**PROBLEM TO SOLVE**.
Using the data below, output a verbatim copy of the lines between the one holding "初一（１２）班 (min zhu zhong xue)" and the one holding "Tous les jeunes s'appellent Marvin", inclusive, without any pictures.

##### ENTRIES SUPPLIED #####

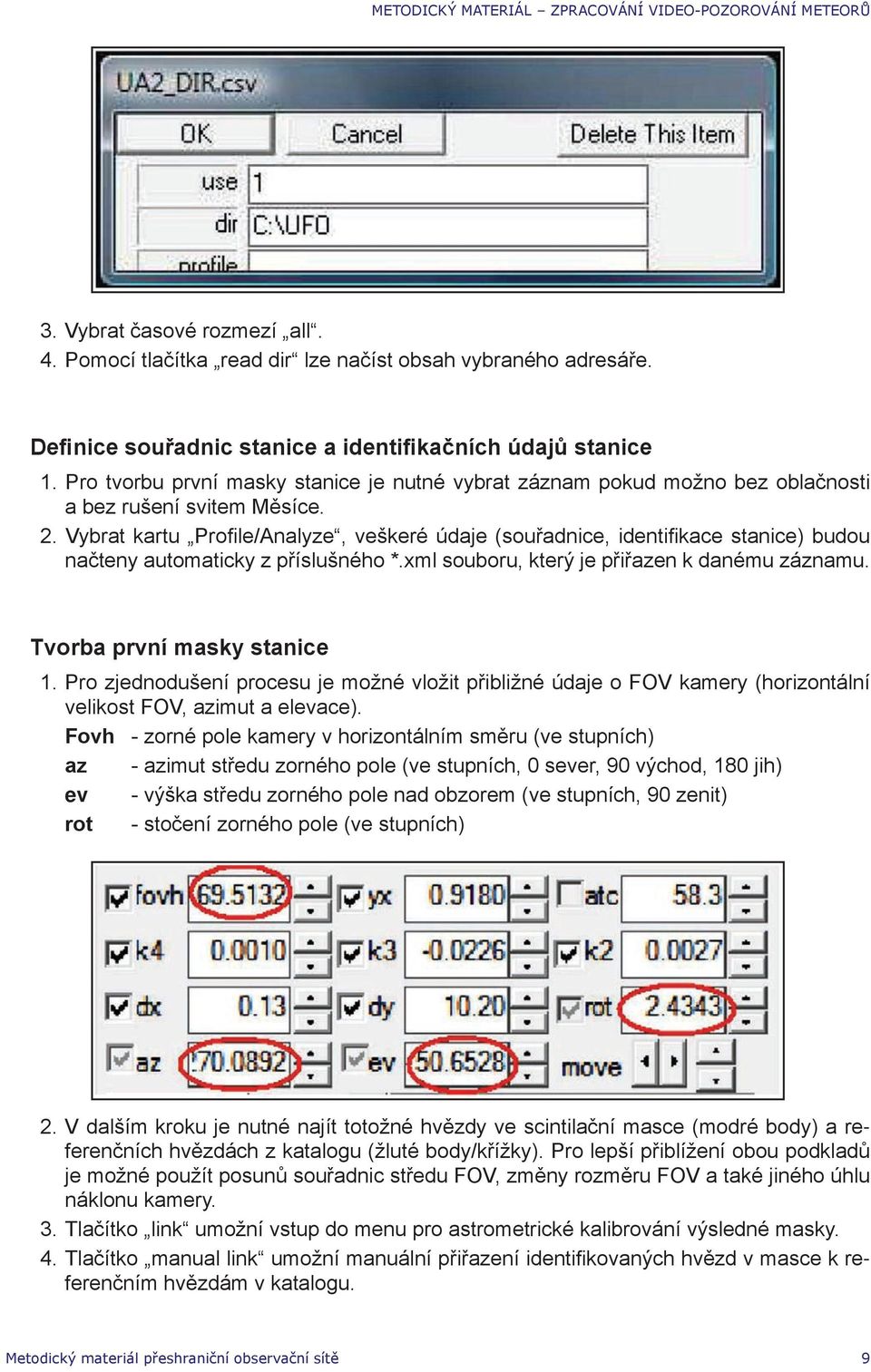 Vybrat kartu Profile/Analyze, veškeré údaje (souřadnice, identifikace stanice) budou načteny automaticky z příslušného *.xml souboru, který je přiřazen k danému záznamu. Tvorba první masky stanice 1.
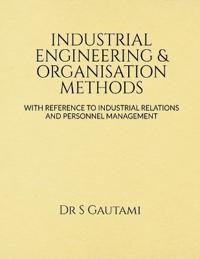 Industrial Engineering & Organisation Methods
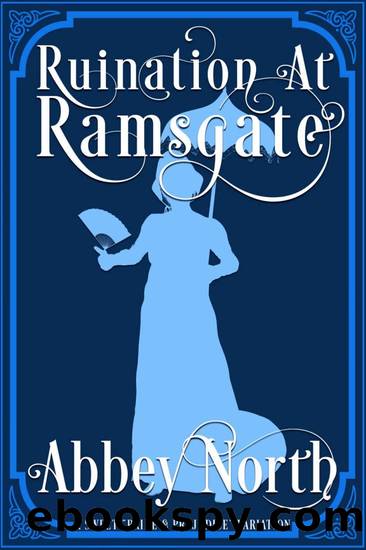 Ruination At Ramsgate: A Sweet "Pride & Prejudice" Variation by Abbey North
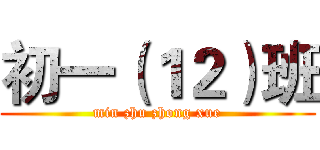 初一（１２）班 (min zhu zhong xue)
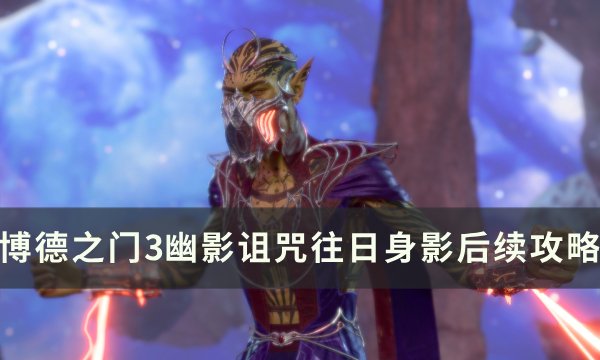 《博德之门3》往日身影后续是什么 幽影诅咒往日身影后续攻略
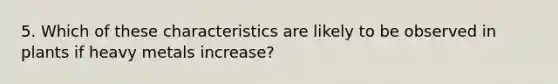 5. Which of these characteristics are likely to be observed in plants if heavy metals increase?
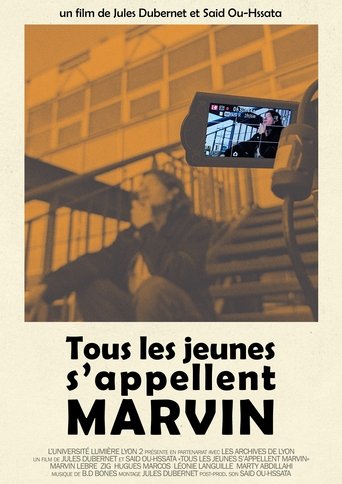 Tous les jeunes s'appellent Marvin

#####
##### ENTRIES SUPPLIED #####

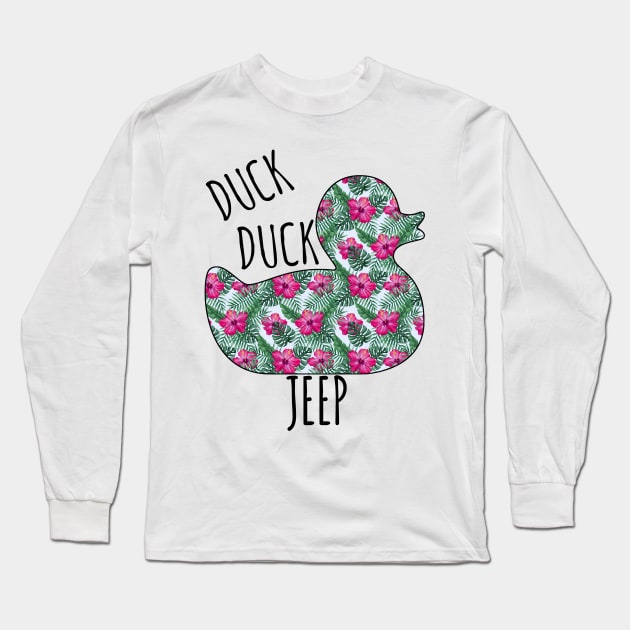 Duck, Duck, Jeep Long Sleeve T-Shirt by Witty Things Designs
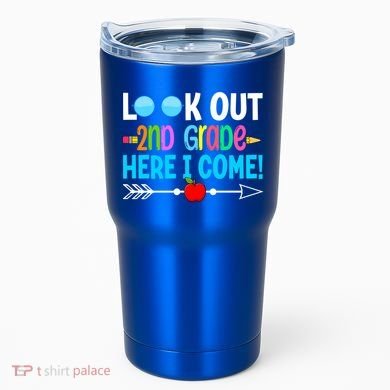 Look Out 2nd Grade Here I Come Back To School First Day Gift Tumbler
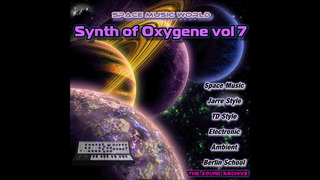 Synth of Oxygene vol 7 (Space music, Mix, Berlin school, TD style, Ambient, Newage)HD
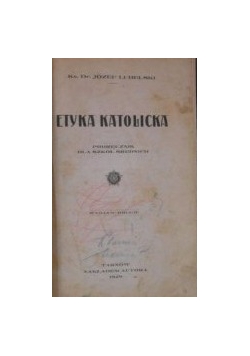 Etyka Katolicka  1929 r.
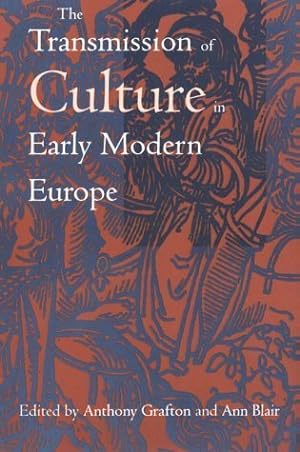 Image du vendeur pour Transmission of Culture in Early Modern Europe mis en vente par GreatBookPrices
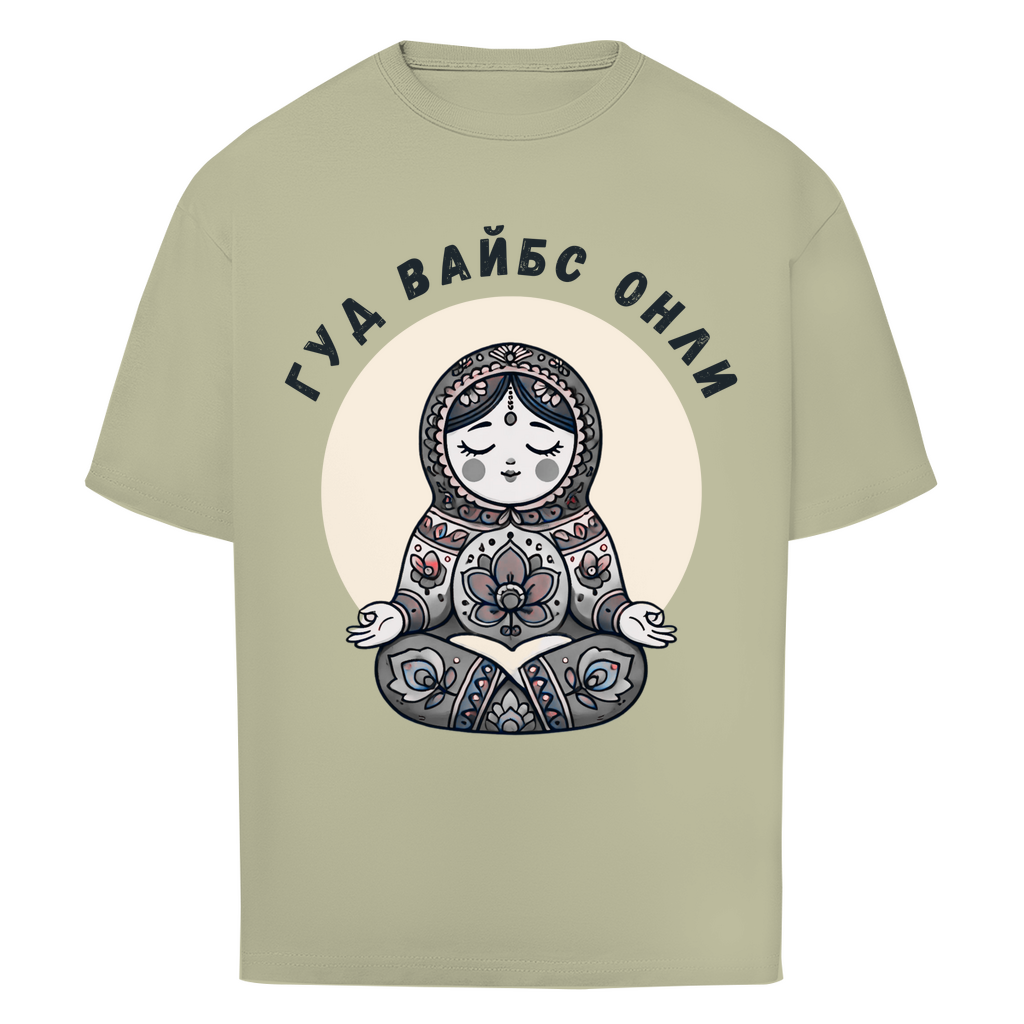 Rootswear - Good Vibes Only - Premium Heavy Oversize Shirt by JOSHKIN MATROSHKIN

#####

**REPLY TO THE TASK**.
 初一（１２）班 (min zhu zhong xue)
 《博德之门3》往日身影后续是什么 幽影诅咒往日身影后续攻略
 5. Which of these characteristics are likely to be observed in plants if heavy metals increase?
 Tous les jeunes s'appellent Marvin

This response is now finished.